The employee brought a claim for the escalator payment in the Employment Tribunal (ET), which held that he was contractually entitled to receive the payment. As the new employer’s insurance did not cover the escalator payment, the ET’s decision meant that the new employer was required to pay the difference between the amount the insurance policy paid out and the amount to which the employee was entitled under his contract of employment.

The EAT decision

The new employer appealed, unsuccessfully. The EAT held that the offer letter and summary of benefits received by the claimant in 2003 were contractually binding as they were incorporated into his contract of employment. The summary of benefits noted that the operation of the IPP was governed by the terms of the insurance policy but no specific policy was referred to. Also, the claimant was never provided with a copy of the insurance policy so never saw the limits on the cover. This, the EAT said, would have been required in order for the terms of the insurance policy to restrict the extent of any entitlement.

Even if a copy of the original insurance policy had been provided to the claimant in 2003, this would not mean any subsequent change to the policy would be automatically incorporated into the terms of the entitlement. The new employer had replaced the original insurance policy with one that provided less favourable terms as it did not include the 5% escalator the claimant sought. The EAT applied an established principle that, if a restriction is introduced which limits or destroys another person’s rights, a court or tribunal cannot hold the person to be bound by it unless it was explicitly drawn to their attention. There was no evidence that the employer, in this case, had explicitly brought the change of the insurance policy terms or their obligations in relation to IPP to the claimant’s attention.

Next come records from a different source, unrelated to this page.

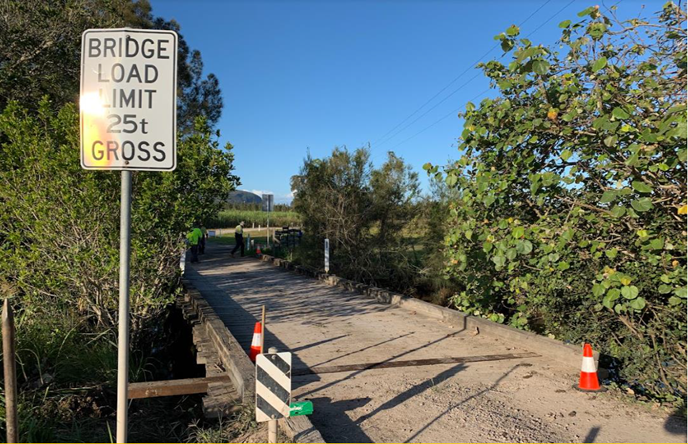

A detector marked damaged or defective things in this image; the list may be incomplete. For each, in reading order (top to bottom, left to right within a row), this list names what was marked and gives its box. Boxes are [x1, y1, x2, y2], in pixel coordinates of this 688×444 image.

cracked bridge surface [185, 246, 684, 444]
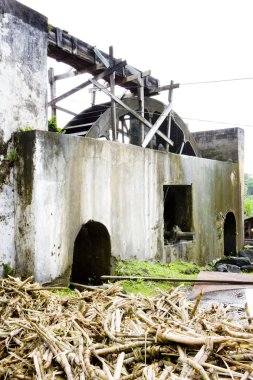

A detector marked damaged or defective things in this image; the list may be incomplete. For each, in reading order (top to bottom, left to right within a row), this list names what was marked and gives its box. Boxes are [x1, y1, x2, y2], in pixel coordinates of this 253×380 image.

rusted metal part [190, 270, 253, 300]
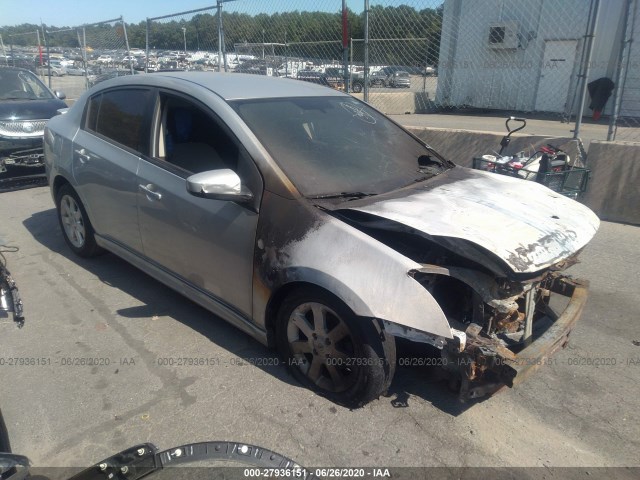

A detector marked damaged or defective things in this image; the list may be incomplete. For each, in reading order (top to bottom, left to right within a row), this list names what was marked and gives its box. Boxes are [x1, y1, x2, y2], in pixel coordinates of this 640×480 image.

burned front end [408, 260, 588, 400]
damaged front bumper [442, 274, 588, 402]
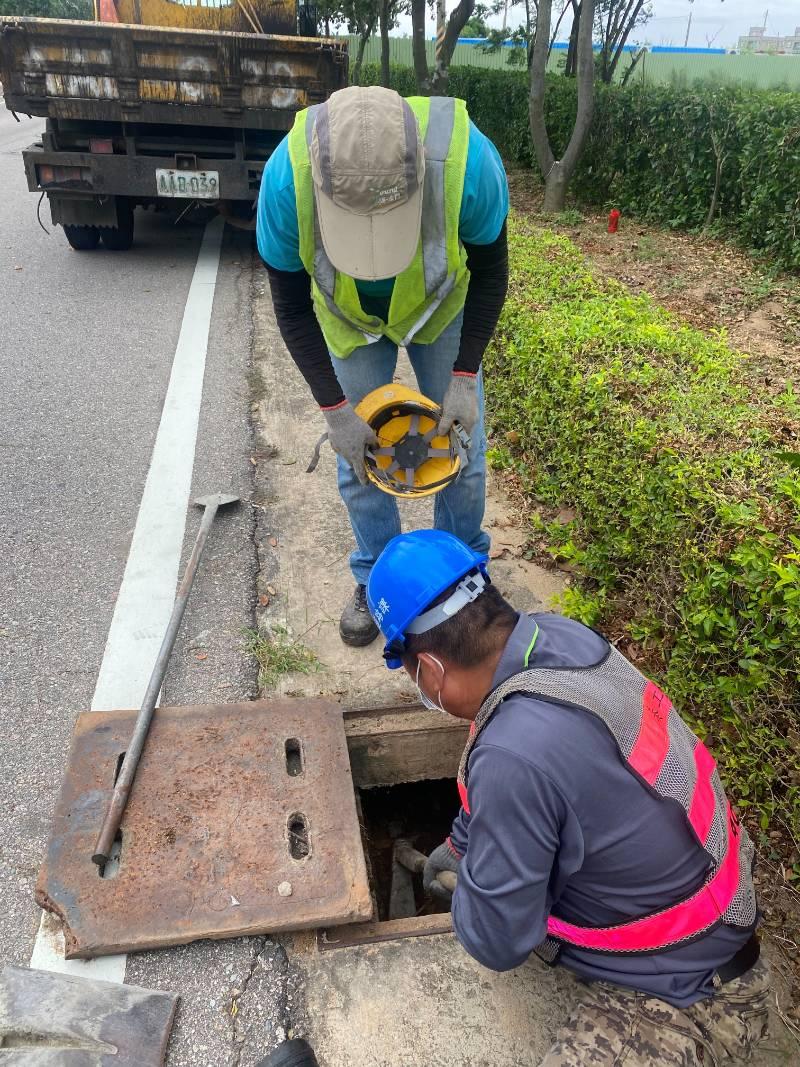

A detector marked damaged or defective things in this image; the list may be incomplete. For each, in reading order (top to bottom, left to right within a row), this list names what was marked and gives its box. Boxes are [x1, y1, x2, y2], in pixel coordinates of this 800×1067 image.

rusty metal manhole cover [36, 699, 375, 960]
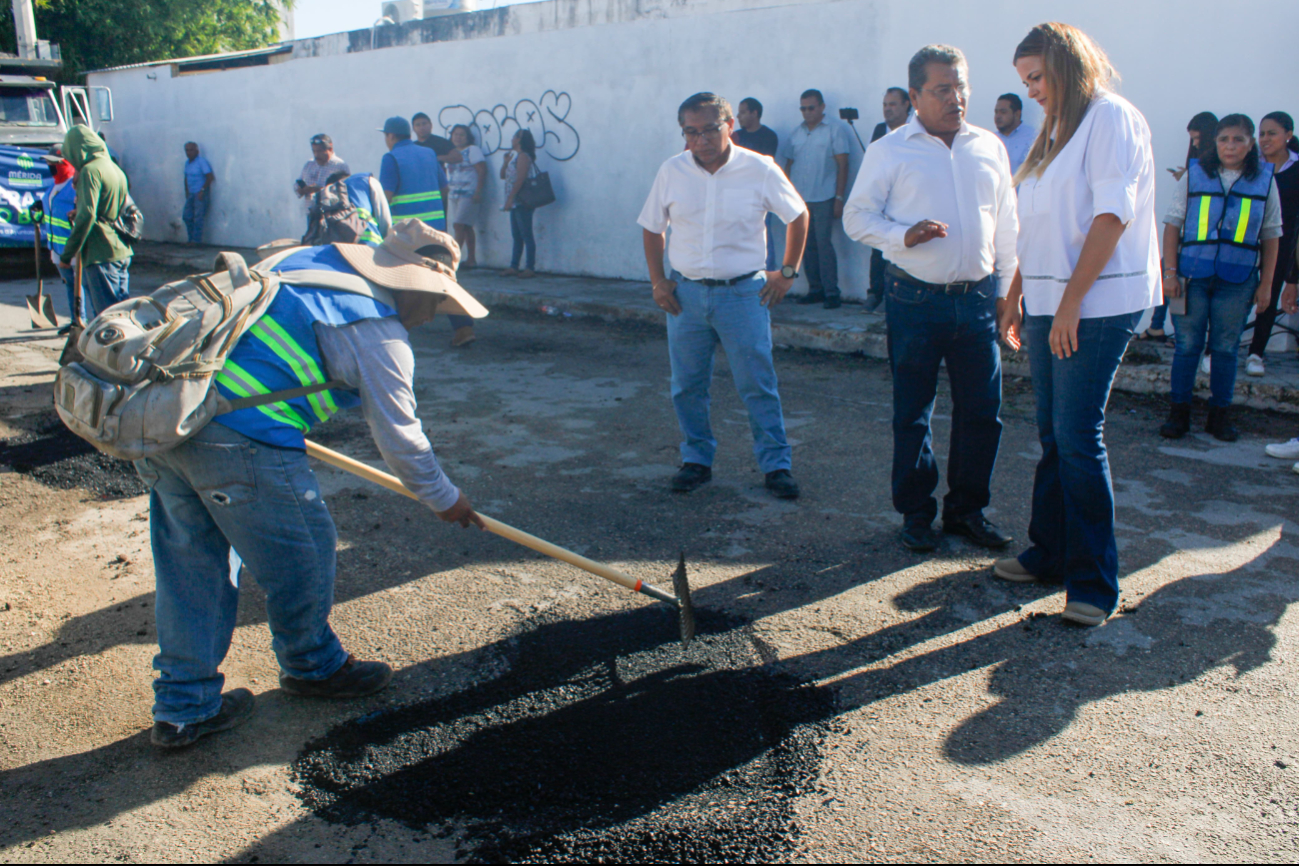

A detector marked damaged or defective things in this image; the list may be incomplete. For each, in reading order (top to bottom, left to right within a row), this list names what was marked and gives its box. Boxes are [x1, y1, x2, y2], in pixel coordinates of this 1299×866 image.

black asphalt patch [0, 415, 146, 498]
pothole in road [0, 415, 148, 498]
pothole in road [290, 607, 836, 862]
black asphalt patch [293, 607, 836, 862]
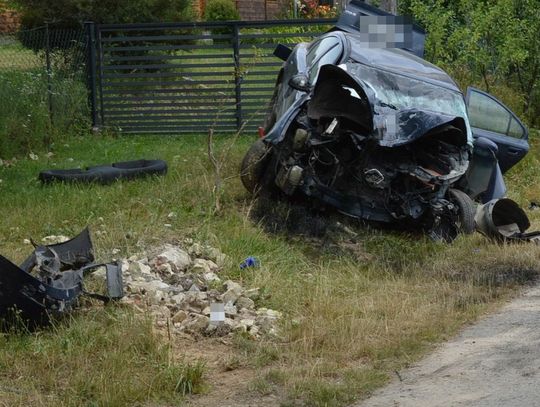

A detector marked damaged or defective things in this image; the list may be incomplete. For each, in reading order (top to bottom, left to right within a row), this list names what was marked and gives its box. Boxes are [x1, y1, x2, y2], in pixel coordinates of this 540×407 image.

detached tire [242, 139, 272, 194]
damaged front end [266, 64, 472, 239]
severely wrecked car [239, 0, 528, 242]
detached tire [448, 189, 476, 236]
shattered car part [476, 200, 540, 244]
shattered car part [0, 230, 123, 328]
damaged front end [0, 230, 123, 328]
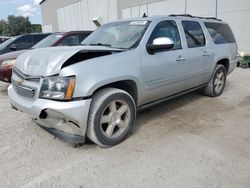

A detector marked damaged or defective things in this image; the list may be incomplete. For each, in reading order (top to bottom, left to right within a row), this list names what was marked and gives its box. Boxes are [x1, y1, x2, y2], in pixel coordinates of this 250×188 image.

crumpled hood [14, 46, 122, 76]
front bumper damage [7, 84, 92, 143]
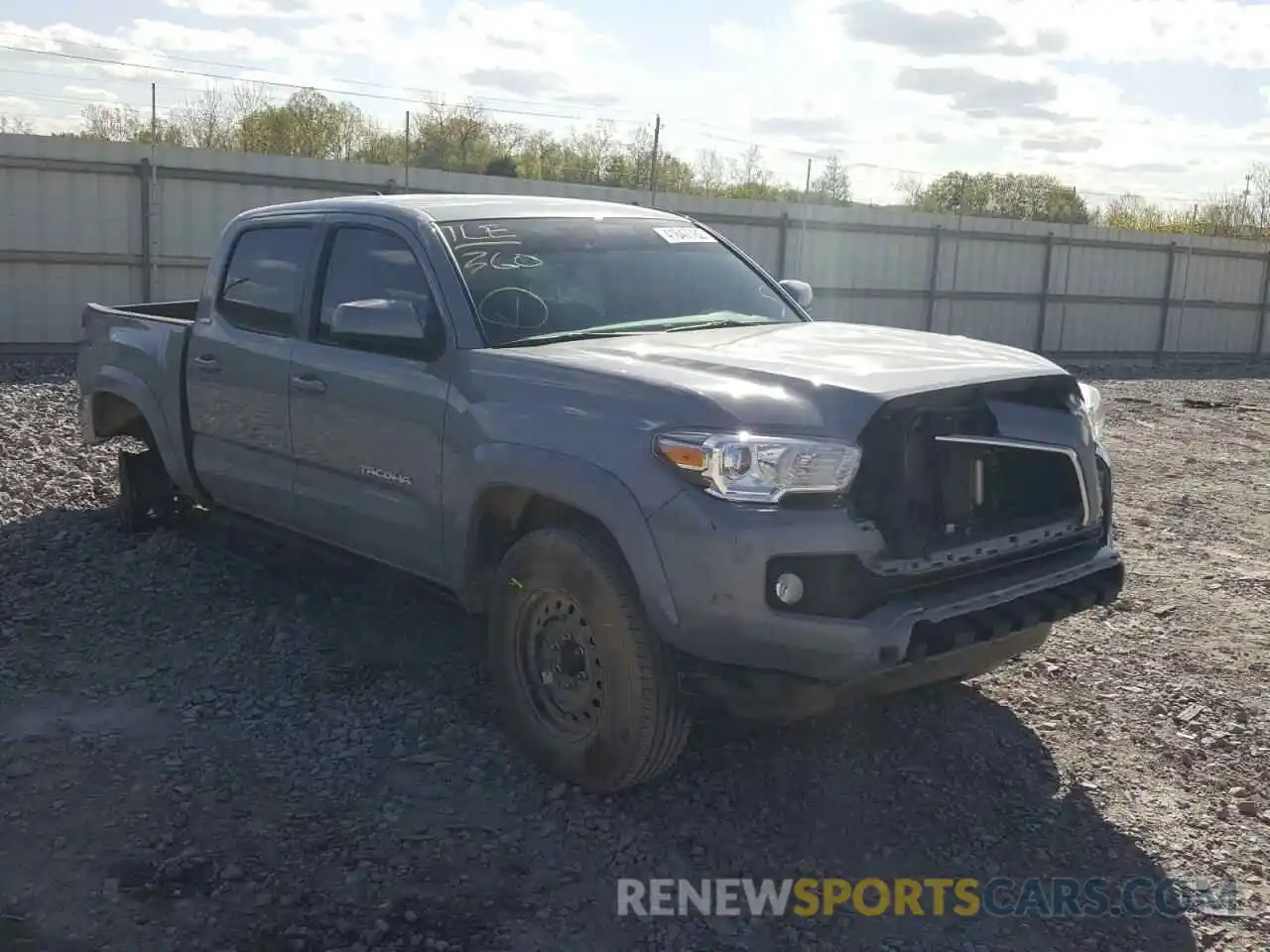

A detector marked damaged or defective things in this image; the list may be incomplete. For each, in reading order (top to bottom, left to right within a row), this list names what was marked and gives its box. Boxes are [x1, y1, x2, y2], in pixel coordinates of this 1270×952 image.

damaged front grille [849, 375, 1095, 563]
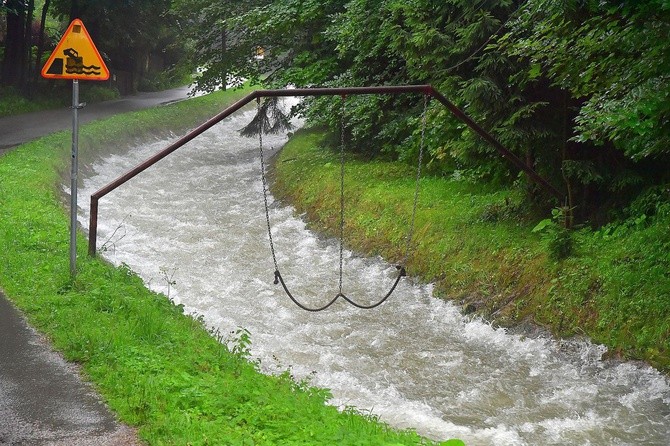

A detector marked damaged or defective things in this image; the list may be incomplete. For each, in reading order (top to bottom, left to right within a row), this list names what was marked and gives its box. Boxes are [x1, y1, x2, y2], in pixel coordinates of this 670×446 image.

rusty metal frame [86, 85, 564, 256]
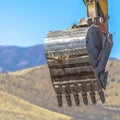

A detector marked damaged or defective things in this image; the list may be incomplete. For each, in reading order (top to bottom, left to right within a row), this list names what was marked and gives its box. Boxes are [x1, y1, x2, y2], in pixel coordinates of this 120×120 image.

rusty steel surface [44, 24, 112, 106]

The EAT held that, as the new employer was contractually bound to provide the IPP, which included the 5% escalator, they were required to honour the full payment regardless of the terms and cover of its insurance policy.

What does this mean for employers?

This decision serves as a warning to transferee employers during a TUPE transfer to carry out thorough due diligence in relation to levels of permanent health insurance benefits which have been promised to transferring employees.

In addition, when describing any insurance-backed benefits, employers should ensure that contracts of employment are clear and do not provide any benefits that are not fully covered by an underlying insurance policy. Any ambiguity in relation to whether an employer has an obligation to provide a benefit that is not covered by an insurance policy will be decided in favour of the employee. Specific policies and the terms of those policies should be referred to and shared with the employee.

Employers should also explicitly communicate any changes or qualifications to the terms of benefit schemes to their employees in order for these to be incorporated into the terms of any relevant benefit schemes.